## Data below
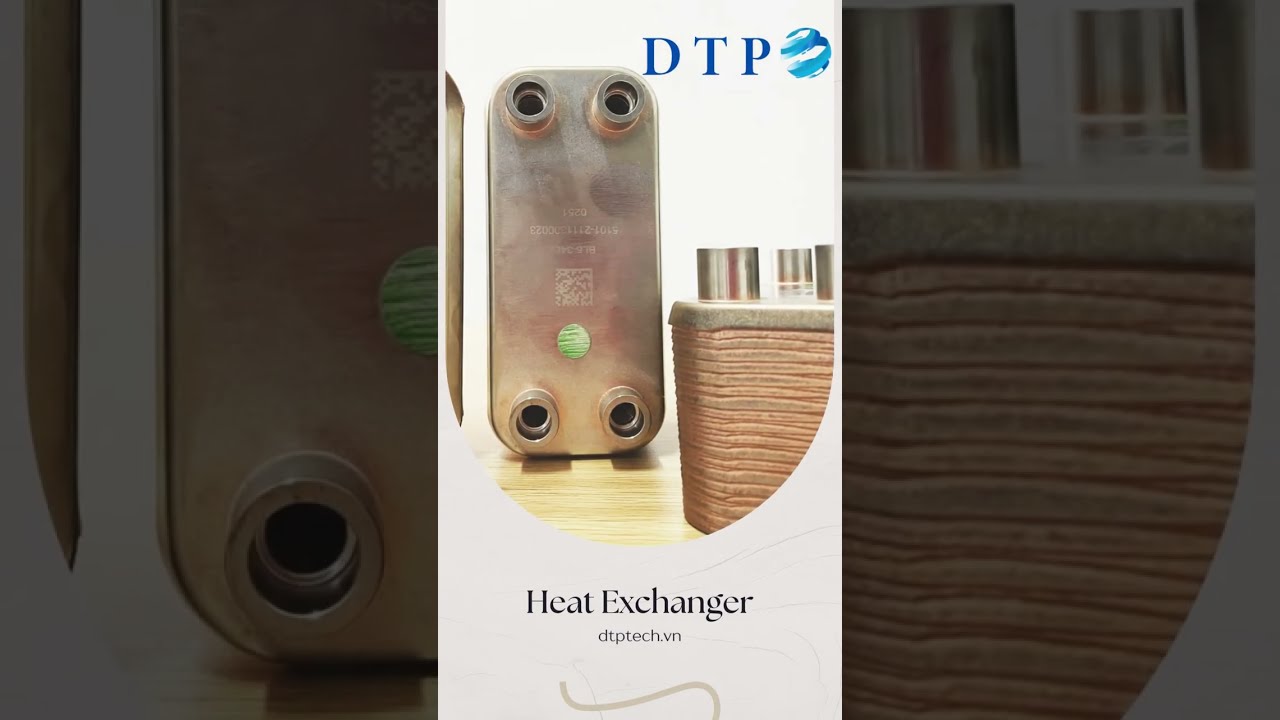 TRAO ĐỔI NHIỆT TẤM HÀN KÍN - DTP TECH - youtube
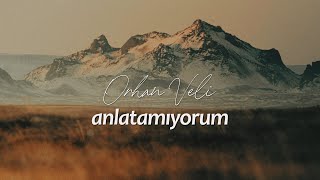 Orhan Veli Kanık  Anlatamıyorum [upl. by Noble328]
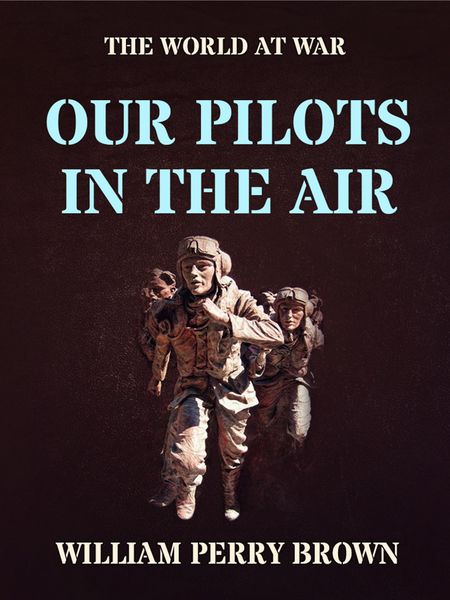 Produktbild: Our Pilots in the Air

## Task
Could you output the listing word for word, omitting every picture?

## Task response
 TRAO ĐỔI NHIỆT TẤM HÀN KÍN - DTP TECH - youtube
 Orhan Veli Kanık  Anlatamıyorum [upl. by Noble328]
 Produktbild: Our Pilots in the Air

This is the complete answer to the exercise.